Section 17.  Stock Withholding Election.

     When taxes are withheld in connection with the exercise
of a stock option by delivering shares of stock in payment
of the exercise price, or an SAR for stock, or upon the
lapse of restrictions on restricted stock received upon the
exercise of an option (the date on which such exercise
occurs or such restrictions lapse hereinafter referred to as
the "Tax Date"), the optionee may elect to make payment for
the withholding of federal, state and local taxes, excluding
Social Security and Medicare taxes, up to the optionee's
marginal tax rates, by one or both of the following methods:

      (i) delivering part or all of the payment in
          previously-owned shares (which shall be valued at
          fair market, as defined herein, on the Tax Date)
          held for at least six months, whether or not
          received through the prior exercise of a stock
          option or SAR for stock; or
     
     (ii) requesting the Company to withhold from those
          shares that would otherwise be received upon
          exercise of the option, upon exercise of an SAR
          for stock, or upon the lapse of restrictions, a
          number of shares having a fair market value (as
          defined herein) on the Tax Date equal to the
          amount to be withheld.  The amount of tax
          withholding to be satisfied by withholding shares
          from the option exercise is limited to the
          minimum amount of taxes, excluding Social
          Security and Medicare taxes, required to be
          withheld under federal, state and local law.

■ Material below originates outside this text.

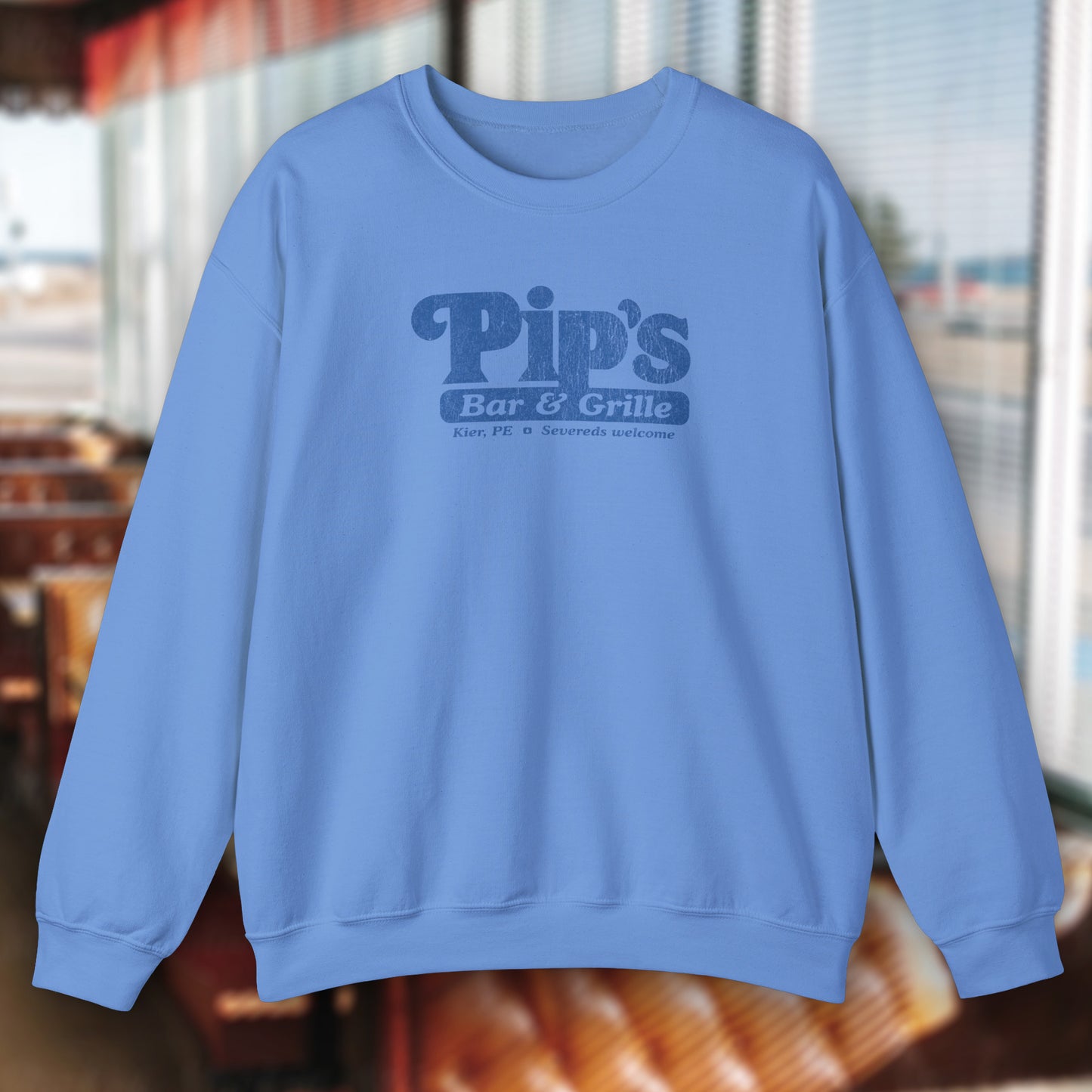 Carolina blue Soft Gildan 18000 sweatshirt featuring the Pips Bar and Grill logo Severeds Welcome from the TV show Severance in a vintage distressed ink-stamped worn-in style.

Such election is irrevocable.  Any Social Security and
Medicare taxes, any fractional share amount and any
additional withholding not paid by the withholding or
surrender of shares must be paid in cash.  If no timely
election is made, cash must be delivered to satisfy all tax
withholding requirements.

     Optionees who are subject to Section 16 of the
Securities Exchange Act of 1934 ("Insiders") making an
election pursuant to (i) or (ii) of the immediately
preceding paragraph must do so: (a) at least six months
after the date of grant of the option or SAR; and (b) within
a "window period" as defined in Rule 16b-3(e)(3) under the
Securities Exchange Act of 1934 or at least six months in
advance of the Tax Date.  An election by an Insider to
deliver stock or have stock retained to satisfy tax
obligations is subject to the approval of the Committee and
to such rules as the Committee may from time to time adopt.